This intuition is formalized by the predicate \(\mathsf {PrefConf}\) for relaxed comparison of GTT prefixes using a notion of conformance \(\mathsf {Conf}\) with tolerance threshold \(\tau \) for time disturbance. We use cascaded notation to define \(\mathsf {PrefConf}\) as a higher-order function taking \(\mathsf {Conf}\) as its first argument. The predicate \(\mathsf {PrefConf}\) compares two prefixes \(\mu _1\) and \(\mu _2\) by requiring that there exist traces \(\mu _1[t_1^s\dots t_1^e]\) and \( \mu _2[t_2^s\dots t_2^e]\) obtained from them, that are conformant with respect to \(\mathsf {Conf}\). These traces are obtained by possibly removing a sub-prefix of length at most \(\tau \), and/or removing extending with a suffix of length at most \(\tau \).

Definition 7

Let \(\mathsf {Conf}\) be a notion of conformance on GTTs with tolerance threshold \(\tau \) for time disturbance.
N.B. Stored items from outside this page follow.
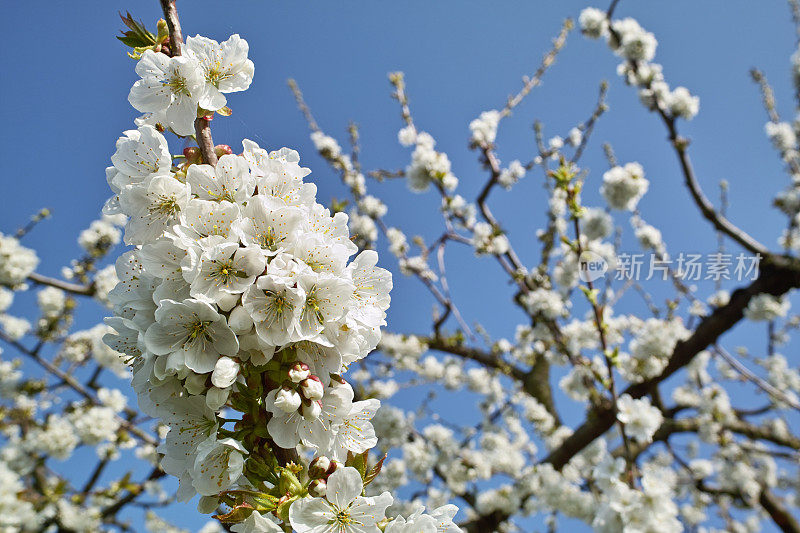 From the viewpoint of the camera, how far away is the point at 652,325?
5.34 m

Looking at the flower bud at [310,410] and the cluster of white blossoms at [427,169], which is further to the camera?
the cluster of white blossoms at [427,169]

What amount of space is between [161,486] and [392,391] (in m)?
4.39

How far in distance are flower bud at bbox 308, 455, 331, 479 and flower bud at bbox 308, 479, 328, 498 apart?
0.08 ft

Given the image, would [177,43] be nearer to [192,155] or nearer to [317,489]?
[192,155]

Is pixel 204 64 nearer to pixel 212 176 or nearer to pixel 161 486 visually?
pixel 212 176

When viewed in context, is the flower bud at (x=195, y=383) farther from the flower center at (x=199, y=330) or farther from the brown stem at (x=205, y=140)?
the brown stem at (x=205, y=140)

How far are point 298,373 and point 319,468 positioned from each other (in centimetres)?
25

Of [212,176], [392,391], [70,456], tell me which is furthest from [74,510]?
[212,176]

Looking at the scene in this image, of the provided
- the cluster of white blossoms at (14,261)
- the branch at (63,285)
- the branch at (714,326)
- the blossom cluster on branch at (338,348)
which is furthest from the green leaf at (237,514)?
the cluster of white blossoms at (14,261)

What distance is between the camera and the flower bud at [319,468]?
1066 mm

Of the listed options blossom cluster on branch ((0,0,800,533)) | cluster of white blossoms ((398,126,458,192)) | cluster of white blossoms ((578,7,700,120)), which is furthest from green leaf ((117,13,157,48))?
cluster of white blossoms ((578,7,700,120))

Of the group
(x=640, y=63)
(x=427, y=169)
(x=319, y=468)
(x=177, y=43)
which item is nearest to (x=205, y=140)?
(x=177, y=43)

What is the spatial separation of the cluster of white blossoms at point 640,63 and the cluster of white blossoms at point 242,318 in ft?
18.3

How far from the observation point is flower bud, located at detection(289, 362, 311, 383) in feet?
3.22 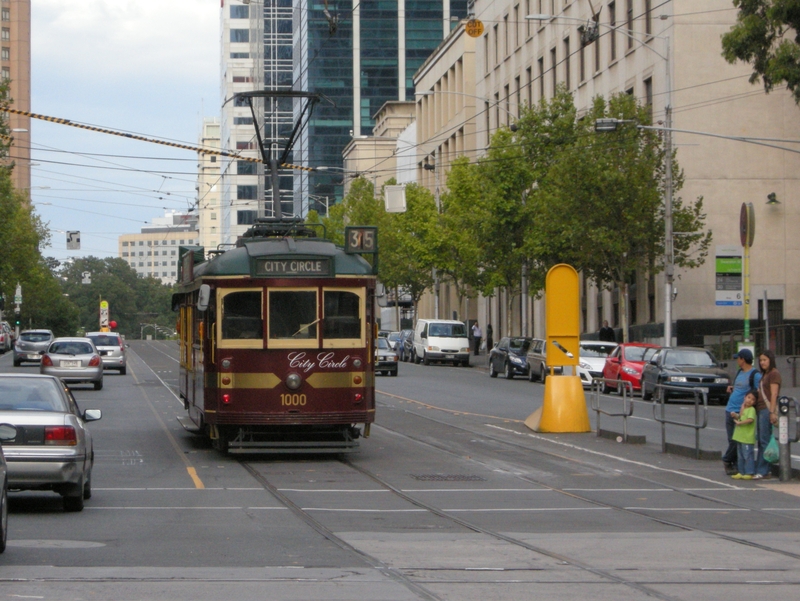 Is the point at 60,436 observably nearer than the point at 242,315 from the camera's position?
Yes

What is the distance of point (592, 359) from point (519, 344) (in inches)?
A: 267

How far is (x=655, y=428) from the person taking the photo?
2602 cm

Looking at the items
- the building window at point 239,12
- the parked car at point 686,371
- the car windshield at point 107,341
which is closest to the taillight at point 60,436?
the parked car at point 686,371

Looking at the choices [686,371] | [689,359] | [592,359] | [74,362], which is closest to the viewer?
[686,371]

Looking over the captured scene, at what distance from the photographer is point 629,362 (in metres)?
38.1

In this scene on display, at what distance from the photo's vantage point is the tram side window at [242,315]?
741 inches

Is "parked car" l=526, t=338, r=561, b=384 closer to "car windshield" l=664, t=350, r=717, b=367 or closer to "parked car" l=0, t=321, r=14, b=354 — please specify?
"car windshield" l=664, t=350, r=717, b=367

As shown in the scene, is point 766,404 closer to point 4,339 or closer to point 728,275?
point 728,275

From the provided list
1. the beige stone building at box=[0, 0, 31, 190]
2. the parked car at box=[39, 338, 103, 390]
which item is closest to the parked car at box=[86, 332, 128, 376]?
the parked car at box=[39, 338, 103, 390]

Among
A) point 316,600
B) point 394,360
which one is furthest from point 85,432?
point 394,360

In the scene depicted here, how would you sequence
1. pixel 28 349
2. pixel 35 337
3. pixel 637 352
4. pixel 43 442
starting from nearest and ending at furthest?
pixel 43 442 < pixel 637 352 < pixel 28 349 < pixel 35 337

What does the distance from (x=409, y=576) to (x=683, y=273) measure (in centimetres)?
4143

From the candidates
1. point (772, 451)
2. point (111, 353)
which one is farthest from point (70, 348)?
point (772, 451)

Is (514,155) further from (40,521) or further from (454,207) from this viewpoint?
(40,521) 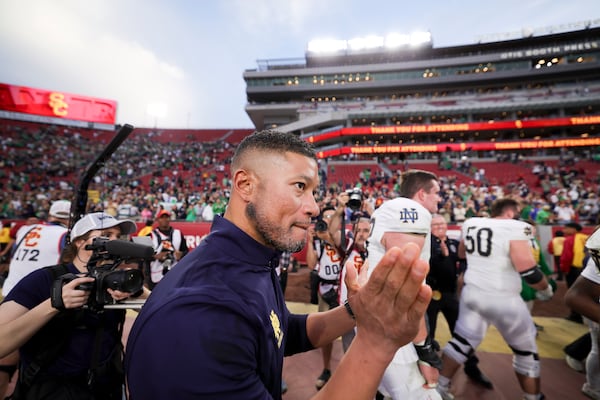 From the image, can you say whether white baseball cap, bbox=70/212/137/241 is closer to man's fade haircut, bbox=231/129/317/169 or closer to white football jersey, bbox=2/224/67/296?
man's fade haircut, bbox=231/129/317/169

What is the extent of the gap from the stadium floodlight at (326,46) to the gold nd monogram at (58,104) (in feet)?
137

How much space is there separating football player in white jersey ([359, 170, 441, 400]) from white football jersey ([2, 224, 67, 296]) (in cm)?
409

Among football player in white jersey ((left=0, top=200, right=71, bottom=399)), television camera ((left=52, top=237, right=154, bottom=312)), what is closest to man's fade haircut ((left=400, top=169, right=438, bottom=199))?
television camera ((left=52, top=237, right=154, bottom=312))

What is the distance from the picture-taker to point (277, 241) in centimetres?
126

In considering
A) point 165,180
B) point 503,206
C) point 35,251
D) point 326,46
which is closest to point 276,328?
point 503,206

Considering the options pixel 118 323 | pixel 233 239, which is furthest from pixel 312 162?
pixel 118 323

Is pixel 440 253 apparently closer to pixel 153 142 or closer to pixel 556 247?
pixel 556 247

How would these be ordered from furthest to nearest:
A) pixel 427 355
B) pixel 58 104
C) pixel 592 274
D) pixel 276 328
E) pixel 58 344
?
pixel 58 104, pixel 592 274, pixel 427 355, pixel 58 344, pixel 276 328

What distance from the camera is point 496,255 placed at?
3062 mm

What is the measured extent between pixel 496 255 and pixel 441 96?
171 ft

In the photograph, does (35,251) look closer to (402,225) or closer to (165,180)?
(402,225)

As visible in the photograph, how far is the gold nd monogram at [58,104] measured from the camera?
116 feet

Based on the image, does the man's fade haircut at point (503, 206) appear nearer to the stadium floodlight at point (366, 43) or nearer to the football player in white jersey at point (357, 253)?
the football player in white jersey at point (357, 253)

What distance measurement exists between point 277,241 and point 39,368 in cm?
186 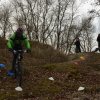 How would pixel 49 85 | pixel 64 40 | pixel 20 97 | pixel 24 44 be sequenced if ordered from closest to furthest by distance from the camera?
pixel 20 97 → pixel 24 44 → pixel 49 85 → pixel 64 40

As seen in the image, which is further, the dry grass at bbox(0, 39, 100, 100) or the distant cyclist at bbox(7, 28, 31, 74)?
the distant cyclist at bbox(7, 28, 31, 74)

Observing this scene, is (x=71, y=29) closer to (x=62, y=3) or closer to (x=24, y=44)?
(x=62, y=3)

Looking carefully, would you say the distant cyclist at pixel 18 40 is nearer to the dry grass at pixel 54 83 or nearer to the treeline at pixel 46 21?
the dry grass at pixel 54 83

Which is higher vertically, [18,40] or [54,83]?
[18,40]

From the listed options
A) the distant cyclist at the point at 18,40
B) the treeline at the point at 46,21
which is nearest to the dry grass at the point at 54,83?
the distant cyclist at the point at 18,40

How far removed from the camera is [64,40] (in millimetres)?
64688

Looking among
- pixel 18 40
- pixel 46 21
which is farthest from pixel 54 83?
pixel 46 21

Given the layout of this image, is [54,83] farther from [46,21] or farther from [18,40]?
[46,21]

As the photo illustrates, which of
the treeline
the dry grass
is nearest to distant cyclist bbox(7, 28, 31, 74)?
the dry grass

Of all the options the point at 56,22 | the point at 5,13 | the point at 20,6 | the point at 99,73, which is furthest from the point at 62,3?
the point at 99,73

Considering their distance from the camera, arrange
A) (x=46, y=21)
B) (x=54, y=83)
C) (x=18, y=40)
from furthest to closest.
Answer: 1. (x=46, y=21)
2. (x=54, y=83)
3. (x=18, y=40)

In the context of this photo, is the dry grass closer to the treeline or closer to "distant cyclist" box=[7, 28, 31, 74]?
"distant cyclist" box=[7, 28, 31, 74]

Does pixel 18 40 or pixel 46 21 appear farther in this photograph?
pixel 46 21

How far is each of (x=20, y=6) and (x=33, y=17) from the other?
3408mm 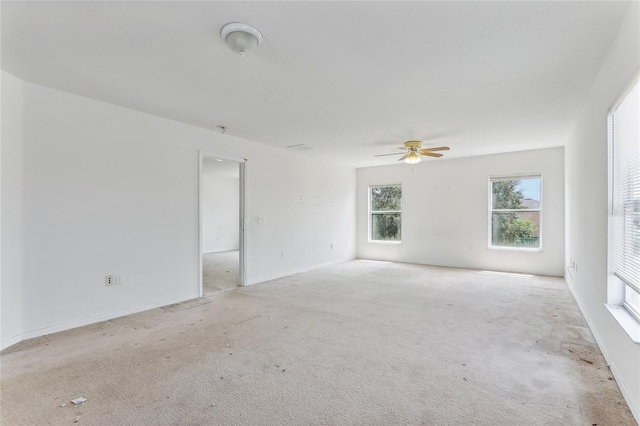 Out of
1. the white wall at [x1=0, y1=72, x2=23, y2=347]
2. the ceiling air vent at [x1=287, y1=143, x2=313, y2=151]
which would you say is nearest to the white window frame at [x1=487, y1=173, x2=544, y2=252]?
the ceiling air vent at [x1=287, y1=143, x2=313, y2=151]

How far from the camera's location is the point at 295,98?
3.43 metres

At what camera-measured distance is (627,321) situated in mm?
2107

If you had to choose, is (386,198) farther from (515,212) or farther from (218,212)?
(218,212)

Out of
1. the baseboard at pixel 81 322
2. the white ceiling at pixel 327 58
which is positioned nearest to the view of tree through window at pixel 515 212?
the white ceiling at pixel 327 58

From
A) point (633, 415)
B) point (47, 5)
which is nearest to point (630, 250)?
point (633, 415)

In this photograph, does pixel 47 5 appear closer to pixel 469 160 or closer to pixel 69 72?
pixel 69 72

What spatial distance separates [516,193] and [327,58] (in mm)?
5573

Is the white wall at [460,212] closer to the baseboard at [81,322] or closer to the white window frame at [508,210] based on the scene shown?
the white window frame at [508,210]

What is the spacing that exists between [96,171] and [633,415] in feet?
16.2

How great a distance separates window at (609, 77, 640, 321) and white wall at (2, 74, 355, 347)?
14.8ft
For any pair of GTTs \(\mu _1:\mathcal{T}_1 \rightarrow \mathcal{Y}\), \(\mu _2:\mathcal{T}_2 \rightarrow \mathcal{Y}\), and \(t \in \mathcal{T}=\mathcal{T}_1 \cup \mathcal{T}_2\), the predicate \(\mathsf {PrefConf}\) is defined as:

$$ \begin{array}{lll} \mathsf {PrefConf}(\mu _1,\mu _2,t) &{}\!\!\!\!\!\ \iff \ \!\!\!\!\!\!&{} \exists t_1^s \in \! [0,\tau ] \cap \mathcal{T}_1, \exists t_1^e \in \! [t-\tau ,t+\tau ] \cap \mathcal{T}_1,\\ &{} &{} \exists t_2^s \in \! [0,\tau ] \cap \mathcal{T}_2, \exists t_2^e \in \! [t-\tau ,t+\tau ] \cap \mathcal{T}_2\!\!: \\ &{} &{} \mathsf {Conf}(\mu _1[t_1^s\dots t_1^e], \mu _2[t_2^s\dots t_2^e]). \end{array} $$

The predicate \(\mathsf {PrefConf}\) provides a generic notion of prefix-conformance. By instantiating it with conformance relations \(\mathsf {Conf}_ I \) and \(\mathsf {Conf}_ O \) for input and output traces respectively, we define the notion of \((\mathsf {Conf}_ I ,\mathsf {Conf}_ O )\)-cleanness.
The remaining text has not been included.